BEGIN GIVEN INFORMATION
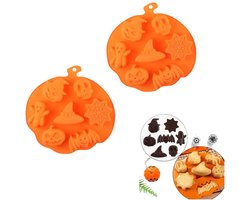 2 stuks - Halloween-vormen - Koekjesvormen om te bakken - Pompoenvormen - 7 patronen - Pompoenvorm met lijmdruppels - Siliconen koekjesvormen - Halloween-siliconenvormen - Voor chocolade, fudge en koekjes - Oranje - 26*26 cm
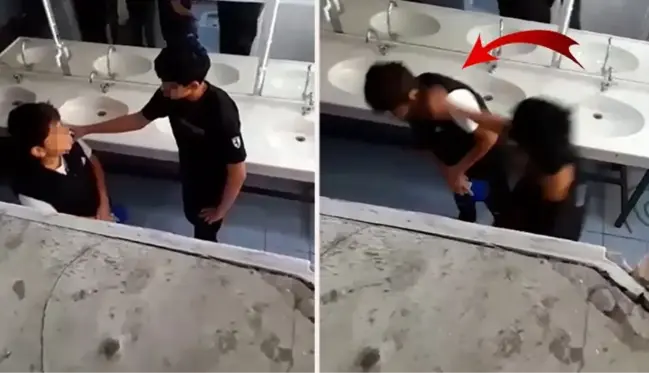Okul tuvaletinde skandal görüntüler! Arkadaşlarını darbedip bir de kayda aldılar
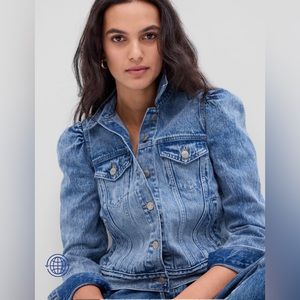 Gap Denim puff sleeve jacket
END GIVEN INFORMATION
**TASK DIRECTIONS**
Go through the material above and print all of it exactly, except the pictures.

**RESPONSE TO THIS EXERCISE**
 2 stuks - Halloween-vormen - Koekjesvormen om te bakken - Pompoenvormen - 7 patronen - Pompoenvorm met lijmdruppels - Siliconen koekjesvormen - Halloween-siliconenvormen - Voor chocolade, fudge en koekjes - Oranje - 26*26 cm
Okul tuvaletinde skandal görüntüler! Arkadaşlarını darbedip bir de kayda aldılar
 Gap Denim puff sleeve jacket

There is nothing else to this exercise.